BEGIN Input material
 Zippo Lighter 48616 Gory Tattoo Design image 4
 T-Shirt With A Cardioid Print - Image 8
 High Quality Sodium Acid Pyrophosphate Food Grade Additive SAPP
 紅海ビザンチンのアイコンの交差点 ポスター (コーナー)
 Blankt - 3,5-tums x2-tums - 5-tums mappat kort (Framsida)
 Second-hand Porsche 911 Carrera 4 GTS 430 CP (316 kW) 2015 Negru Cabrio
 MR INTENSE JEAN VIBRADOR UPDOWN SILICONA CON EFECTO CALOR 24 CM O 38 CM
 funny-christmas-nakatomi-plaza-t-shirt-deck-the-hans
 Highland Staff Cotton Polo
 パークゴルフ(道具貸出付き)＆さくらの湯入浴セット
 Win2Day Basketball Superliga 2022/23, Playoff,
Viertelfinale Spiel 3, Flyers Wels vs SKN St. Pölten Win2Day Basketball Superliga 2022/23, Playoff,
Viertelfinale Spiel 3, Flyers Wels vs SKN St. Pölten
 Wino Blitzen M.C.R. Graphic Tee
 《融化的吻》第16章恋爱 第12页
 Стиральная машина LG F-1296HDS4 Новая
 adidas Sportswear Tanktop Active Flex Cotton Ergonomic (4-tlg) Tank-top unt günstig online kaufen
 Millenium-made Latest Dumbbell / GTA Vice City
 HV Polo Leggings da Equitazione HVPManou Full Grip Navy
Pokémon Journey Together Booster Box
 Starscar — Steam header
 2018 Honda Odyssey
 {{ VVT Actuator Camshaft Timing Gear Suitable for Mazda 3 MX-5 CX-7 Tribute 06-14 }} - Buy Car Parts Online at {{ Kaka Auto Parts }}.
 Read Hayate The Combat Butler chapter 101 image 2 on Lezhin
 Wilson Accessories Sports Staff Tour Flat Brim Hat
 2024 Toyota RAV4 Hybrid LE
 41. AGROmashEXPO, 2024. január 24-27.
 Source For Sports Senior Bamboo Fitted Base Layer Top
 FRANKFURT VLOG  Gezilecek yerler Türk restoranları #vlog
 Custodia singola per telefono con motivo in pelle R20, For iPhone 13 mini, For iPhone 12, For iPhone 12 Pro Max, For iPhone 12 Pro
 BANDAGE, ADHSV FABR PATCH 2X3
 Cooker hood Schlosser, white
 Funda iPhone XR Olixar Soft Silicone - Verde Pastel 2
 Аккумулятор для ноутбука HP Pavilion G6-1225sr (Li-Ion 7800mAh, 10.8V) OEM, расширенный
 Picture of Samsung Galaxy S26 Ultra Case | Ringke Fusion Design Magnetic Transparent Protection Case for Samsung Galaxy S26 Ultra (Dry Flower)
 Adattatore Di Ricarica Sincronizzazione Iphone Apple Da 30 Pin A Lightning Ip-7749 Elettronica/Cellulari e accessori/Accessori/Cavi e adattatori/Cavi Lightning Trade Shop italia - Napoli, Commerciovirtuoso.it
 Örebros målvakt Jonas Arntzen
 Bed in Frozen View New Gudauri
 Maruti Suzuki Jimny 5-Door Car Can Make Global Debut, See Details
END Input material
If a line in the records includes the string "Playoff", copy it.

 Win2Day Basketball Superliga 2022/23, Playoff,
Viertelfinale Spiel 3, Flyers Wels vs SKN St. Pölten Win2Day Basketball Superliga 2022/23, Playoff,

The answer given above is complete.